При мне сильных припадков у Ольги не было, но она плакала, волновалась и ее „трясло", т. е. в конечностях и голове наблюдалась довольно быстрая дрожь. Подробное физическое исследование не показало никаких отклонений в нервной системе. Со стороны психики: частое волнение, безпричинный страх и навязчивое состояние в форме боязни святостей и табаку. По отношению к гипнозу, как и все другие кликуши, оказалась типичной сомнамбулой, со всеми явлениями, многократно описанными выше. Как особенность следует отметить, что анестезия без внушения самостоятельно не наступила; она реагировала на уколы, поднося к месту нанесения раздражения руку, пока не было сделано соответственного внушения. Лечебный эффект внушения был вполне благоприятный.
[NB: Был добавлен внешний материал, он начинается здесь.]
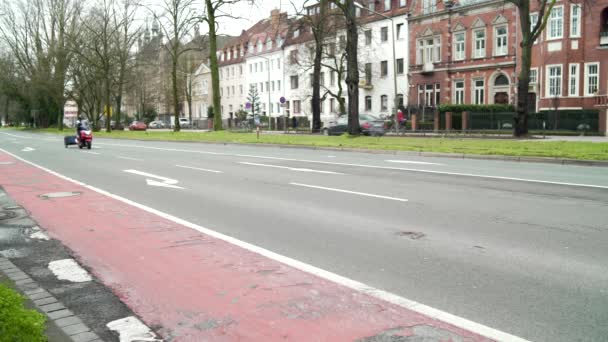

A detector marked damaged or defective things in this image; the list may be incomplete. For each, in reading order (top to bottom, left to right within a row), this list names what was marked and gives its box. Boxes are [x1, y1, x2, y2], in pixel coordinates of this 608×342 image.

4. Фекла Романова 50. л., замужняя, больна три года. Историю заболевания рассказывает так: „Пришел однажды батюшка служить службу, ну, я и заревела. Не знаю, что случилось. Заболело под грудями. Рёв такой сделался, что все бы ревела, что силы есть. Сперва трясло, всю ломает: не помню ничего. Брюхо, — что тяжелая, вздувается. Не могла ходить в церковь. Ходила в город лечиться к колдуну Соколову. И он говорит — спорчена. Как незаздоровела, незалюбила табак“. На вопрос, кто у нее внутри сидит, ответила: „Господь его знает! Теперь, думаю, никого там нет. Надувало брюхо, а не знаю, кто сидит! В утробе разве узнаешь, кто сидит“! В настоящее время боится табаку и жалуется на боль под ложечкой. Бывают припадки кликушества не часто. В пылу общего увлечения, также приписывает свою болезнь порче, причиненной ей Марфой, хотя раньше с ней никаких ссор и вражды не имела. Как и у всех других кликуш в нервной системе никаких отклонений от нормы у Феклы не обнаружено. Со стороны психики она мало развита, суеверна. Как постоянный признак болезни — навязчивое состояние в форме боязни и нетерпимости к табаку. По отношению к гипнозу Фекла оказалась типичной сомнамбулой, у которой были установлены все явления, описанные многократно выше. Лечебное внушение было благотворно, и, проснувшись, она сама курила папиросу.